_WHAT THE TASK ASKS_: In the material below, the lines between the one holding "Kılıf Evreni Tecno" and the one holding "Camiseta Agro Brk", inclusive, are to be set down word for word. Pictures stay out.

_RECORD EXCERPTS_:
⁂

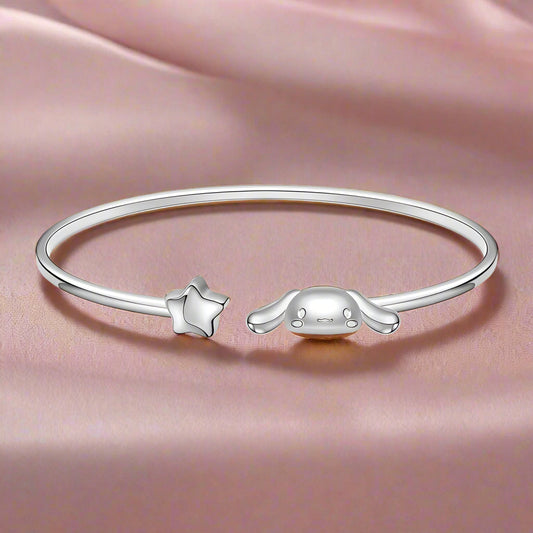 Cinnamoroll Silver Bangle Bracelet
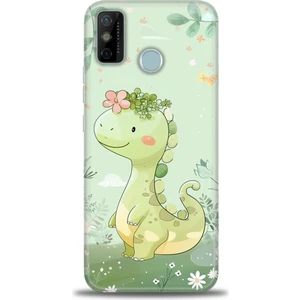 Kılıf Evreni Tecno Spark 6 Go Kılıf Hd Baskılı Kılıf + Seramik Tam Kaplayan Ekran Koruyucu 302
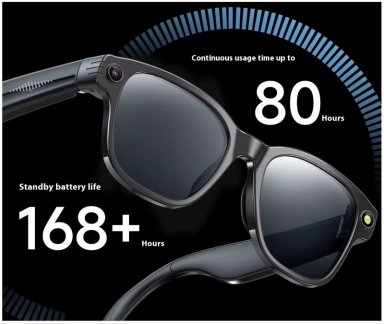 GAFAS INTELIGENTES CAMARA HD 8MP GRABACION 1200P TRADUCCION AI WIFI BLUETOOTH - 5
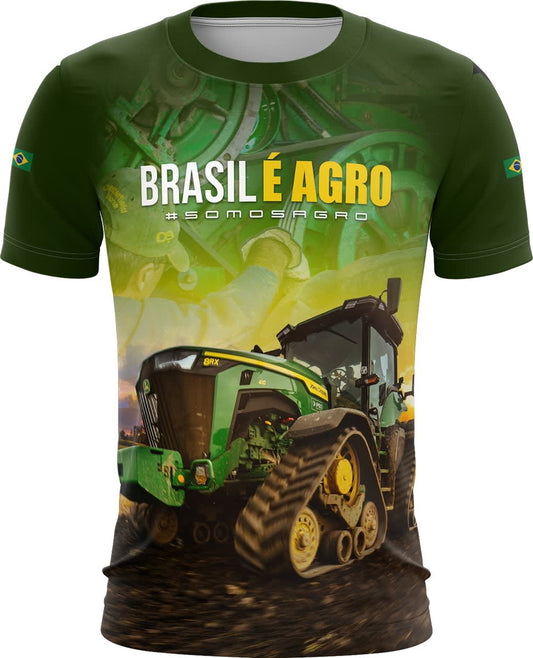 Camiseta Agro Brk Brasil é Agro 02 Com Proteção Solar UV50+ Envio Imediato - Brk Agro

⁂

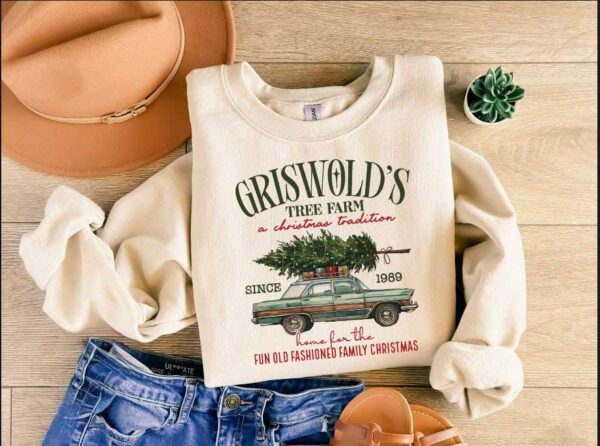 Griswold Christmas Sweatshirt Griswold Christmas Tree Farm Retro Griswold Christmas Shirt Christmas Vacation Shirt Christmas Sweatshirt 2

⁂

_RESULT OF THE TASK_:
 Kılıf Evreni Tecno Spark 6 Go Kılıf Hd Baskılı Kılıf + Seramik Tam Kaplayan Ekran Koruyucu 302
 GAFAS INTELIGENTES CAMARA HD 8MP GRABACION 1200P TRADUCCION AI WIFI BLUETOOTH - 5
 Camiseta Agro Brk Brasil é Agro 02 Com Proteção Solar UV50+ Envio Imediato - Brk Agro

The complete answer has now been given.